On Thursday my two great friends were on the edge of the world, and I was with them. It took a week to get there, mostly walking up and down mountains with shit on our backs. Actually more than just a week- when I really think about it it took 3 years or so (that’s when we did our first trip all together). It’s both a blessing and a curse that you can make a tradition out of anything, anytime, but this was one of the good ideas.
The thing about summiting a mountain, is you have to feel like it’s the end of something, or else you’d go mad. For a second you put aside all the miles of hiking you still have to do, and focus on the success of that view. It’s certainly a nice ultimate moment. No uphill ever again!
That’s what I said to my two great friends on the edge of the world. I had to walk up stairs as soon as I got home.

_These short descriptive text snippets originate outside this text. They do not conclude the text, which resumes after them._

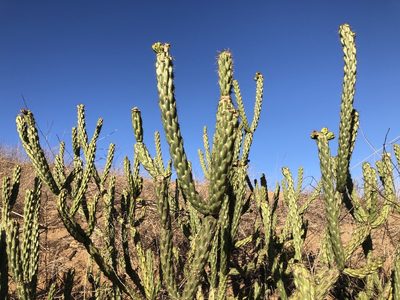 Cylindropuntia bernardina, photographed by nmoorhatch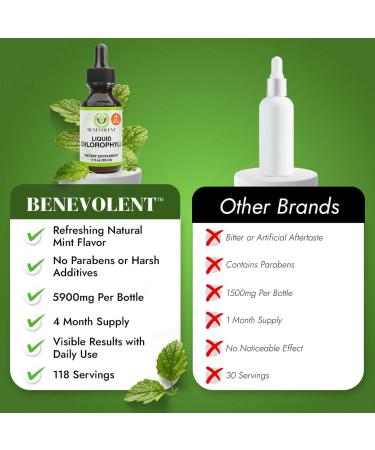 Chlorophyll Liquid Drops - Energy Boost & Immune Support | Internal Deodorant | Altitude Sickness Relief | Premium Quality Natural Formula | Minty Taste | 2X Absorption - Buy Online on GoSupps.com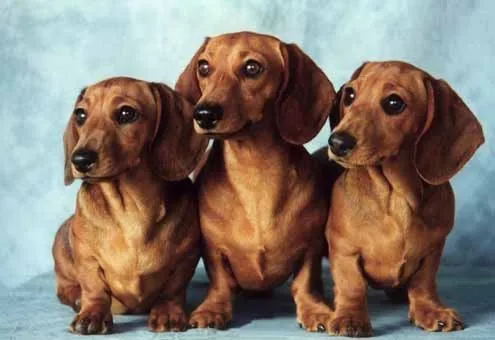 El perro Salchicha - Taringa!
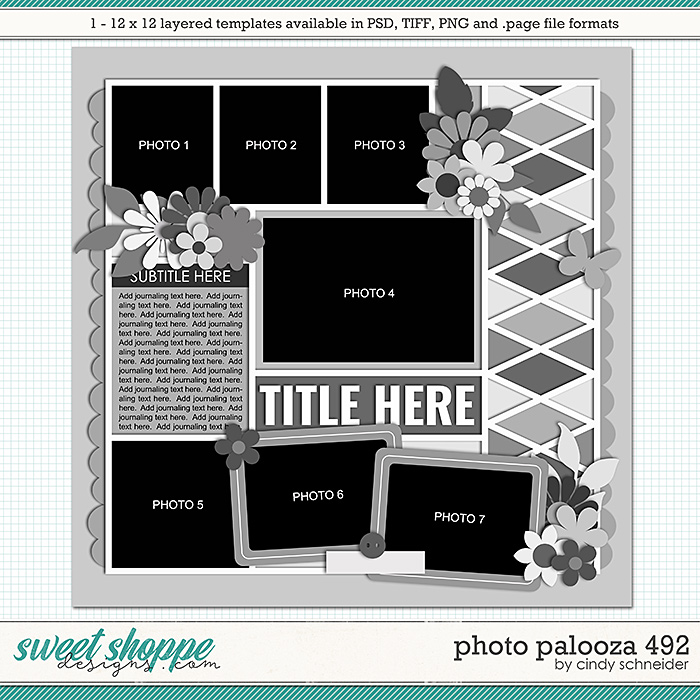 Cindy's Layered Templates - Photo Palooza 492 by Cindy Schneider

What I’m trying to say, is the edge of the world was the end for a moment: it was the only moment that mattered, the end of waiting for the sun, of our day, of our trip, of our adventures together for the summer. But not the end for long.
Next time we will hike again and we will wake up on the last morning at 3 or 2 or… 12 and hike in the tense darkness, fueled by adrenaline, fear, and cold cliff bars, for hours, until we emerge above treeline and the stars explode into sight: falling, fallen, scattered in the nearby hills in little magnetic clusters. 50 mph winds, freezing temps, but our hearts will be warm and the sunset won’t have to be “worth it” because, in all honesty, that’s not the main event.
It ends up being “worth it” just to show off.